# Configuration files

* **Difficulty level**: easy
* **Time need to lean**: 10 minutes or less
* **Key points**:
  * SoS reads multiple configuration files and merge the results
  * User configuration files can be specified with option `-c`
  * Content of configuration file is available through variable `CONFIG`
  * Host-specific paths can be accessed by `path(name, default)`
  

## SoS configuration files

SoS reads configurations from 

* A site configuration file `site_config.yml` under the sos package directory. This is where system adminstrators define system-wide configurations (e.g. host definitions) for all users.
* A host configuration file `~/.sos/hosts.yml` that defines properties of local and remote hosts.
* A global sos configuration file `~/.sos/config.yml` that defines other user-specific settings.
* And an optional configuration file specified by command line option `-c` that defines workflow-specific settings.

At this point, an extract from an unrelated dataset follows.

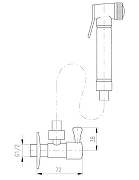 Гигиенический душ с запорным вентилем Rav Slezak Morava retro MK548 Хром-1
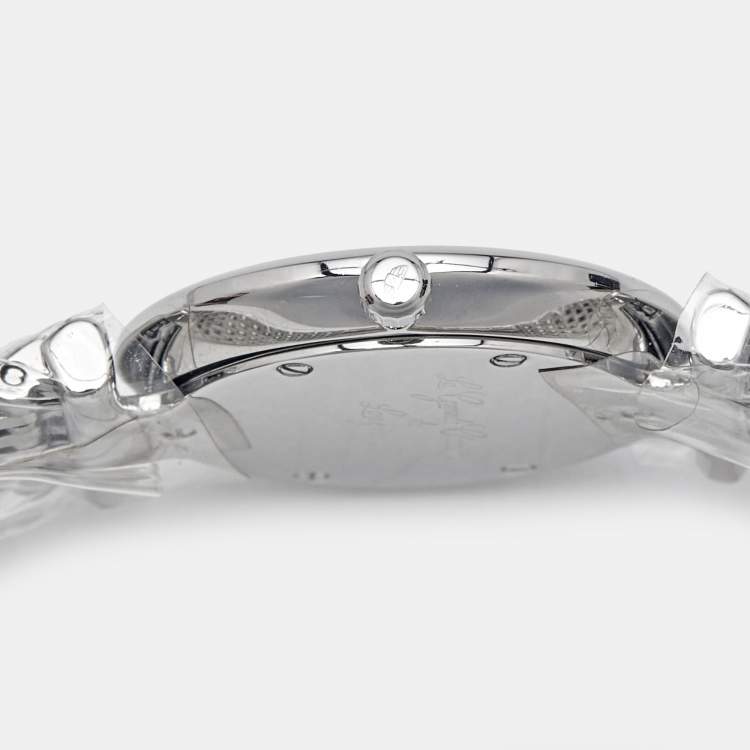 Pre Owned Longines Silver Dial Stainless Steel La Grande Classique De Longines L42094716 Women's Wristwatch 24 mm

The configuration files should be in the format of [`YAML`](http://yaml.org/) or its subset format [`JSON`](http://json-schema.org/implementations.html). When a SoS script is loaded, SoS looks for and parses site and global configuration files and an optional user-specified configuration file. The results are used by SoS for the execution of workflows, and are available to the workflow as a global variable `CONFIG`.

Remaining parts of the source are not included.